Iban a besarse de nuevo cuando ocurrió delante de ellos algo que les brindó una de las claves de aquel mundo misterioso.

Allá a lo lejos se oía la sirena de un tren y las colinas hacían de caja de resonancia de su veloz carrera.

Y hubo todavía algo más sorprendente: el tren ahora relucía como recién barnizado. Había perdido en una fracción de segundo su apariencia de ruina casi arqueológica.

Ahora el tren, el mismo tren que habían tomado en la estación, pasaba por encima del puente. Se vio el resplandor de un fogonazo. Luego se oyó el retumbar de un trueno y en el mismo instante el tren que parecía de juguete, visto a esa distancia, se encabritó por encima del pretil izquierdo del puente y cayó hacia abajo con un fragor horrísono.

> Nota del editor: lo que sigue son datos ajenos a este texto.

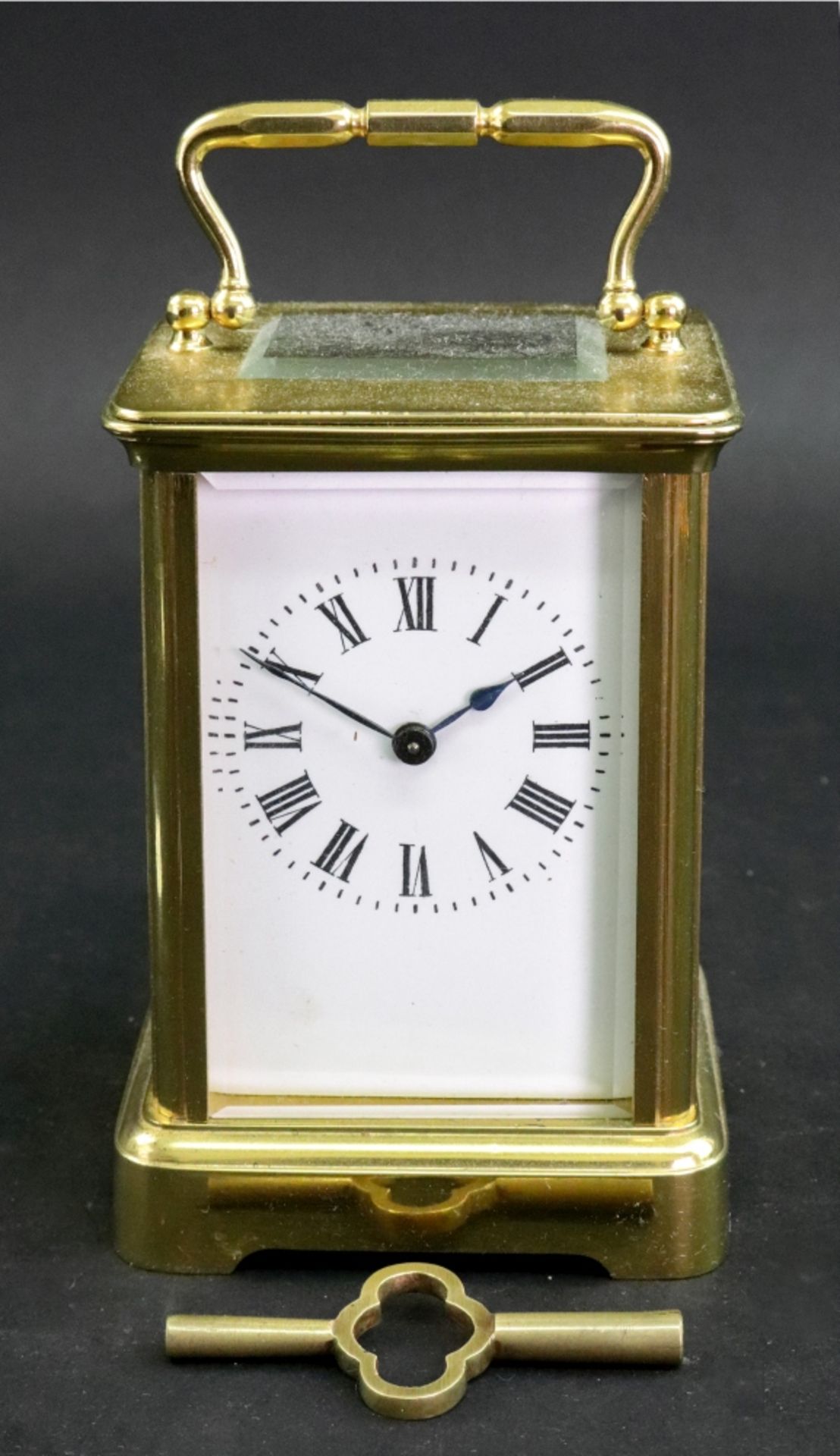 A French brass carriage timepiece, 20th century, the white enamel dial with Roman numerals,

Se levantaron electrizados Monique-Pandora y Robert-Prometeo.

Se hizo un silencio ominoso. Ahora sabían que de permanecer más tiempo sentados en aquel montón de arena terminarían presenciando una tercera, una cuarta, una enésima vez el accidente. Así hasta la consumación de los siglos.

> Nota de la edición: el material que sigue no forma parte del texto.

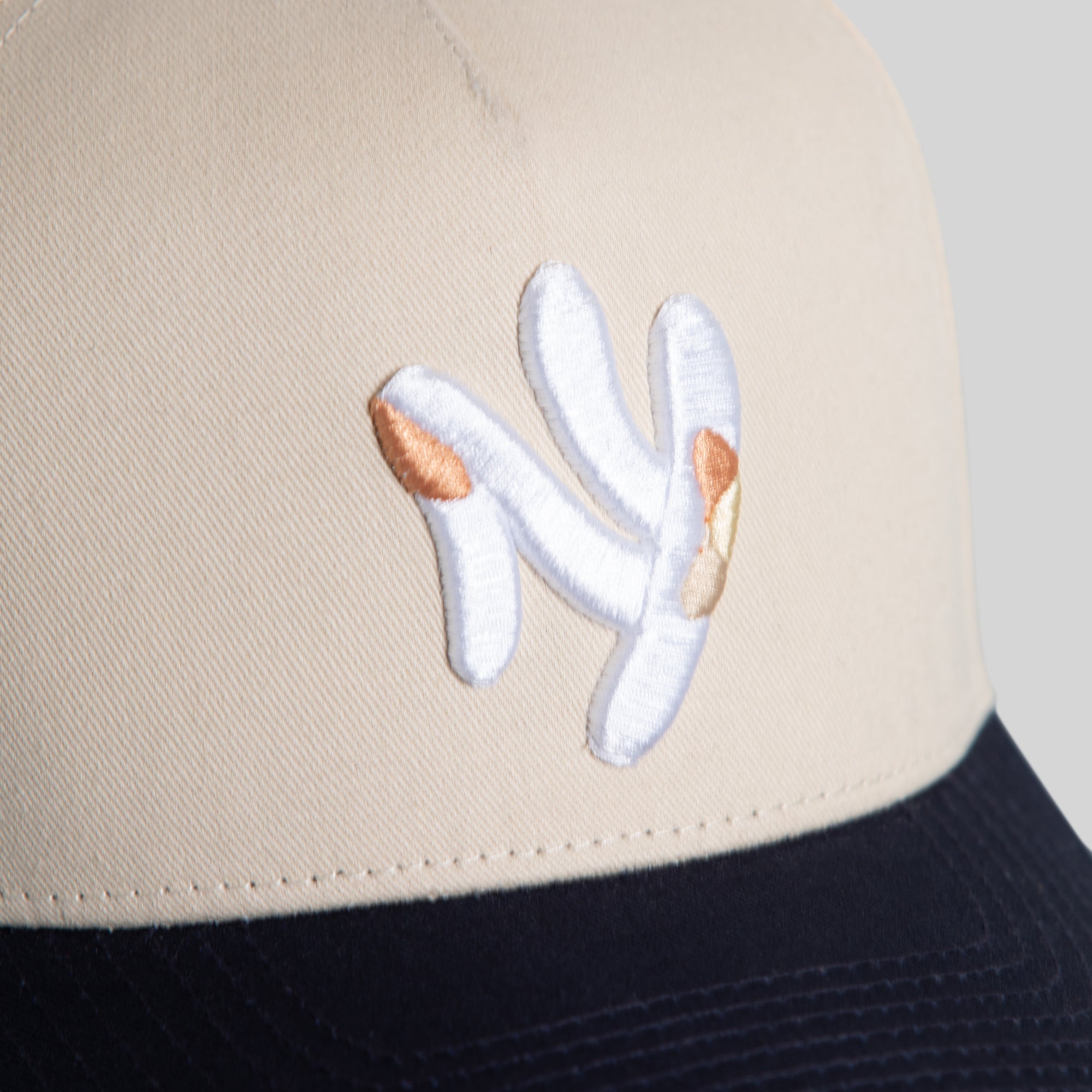 FIELD GRADE X KURVE STUDIO NY IS HEALING SAND NAVY TWILL TRUCKER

—Ahora ya sé hacia dónde iban esos féretros: hacia el pueblo de Fleury sur Loire. Allí, sin duda alguna, resucitarían los muertos del accidente para volver a escuchar al señor Subprefecto y a la Banda de música, y luego subirían al tren. Fíjate que el andén quedó vacío, porque hasta los mismos músicos se subieron en uno de los vagones.

—Sí —añadió Monique—. Parece que en esta extraña región «alguien» tiene una especial complacencia en ver cómo se repiten una y otra vez, hasta la saciedad, las mismas catástrofes.

—Has hablado de «alguien», y quizá no vayas descaminada. Pero yo más bien hablaría de un organismo en el que las cosas ocurren de una manera fatal sin que medie una inteligencia. Fíjate lo que nos ocurrió con la furgoneta. El artefacto reaccionó de la misma manera como reaccionarían nuestros uréteres ante un cálculo, es decir, intentando expulsarlo.

—Pero un uréter no se convertiría en un bisturí eléctrico y menos en una ametralladora pesada.

—De todas formas, nos hallamos ante un organismo, un dios o lo que sea, con una tendencia muy marcada a presenciar escenas macabras.

—¡Como que no debemos olvidarnos que nos hallamos en el reino de la muerte!

Se pusieron en marcha, intentando, cuando aparecía un automóvil, detenerlo con el gesto típico de los autostopistas.

—Vas a tener que enseñar tu conjunto interior, para ver si estos pálidos habitantes son insensibles a tus encantos —bromeó Prometeo.

—No estamos para bromas, querido. Además, me parece que ni tú ni yo les importamos lo más mínimo. Creo, incluso, que no nos perciben en absoluto.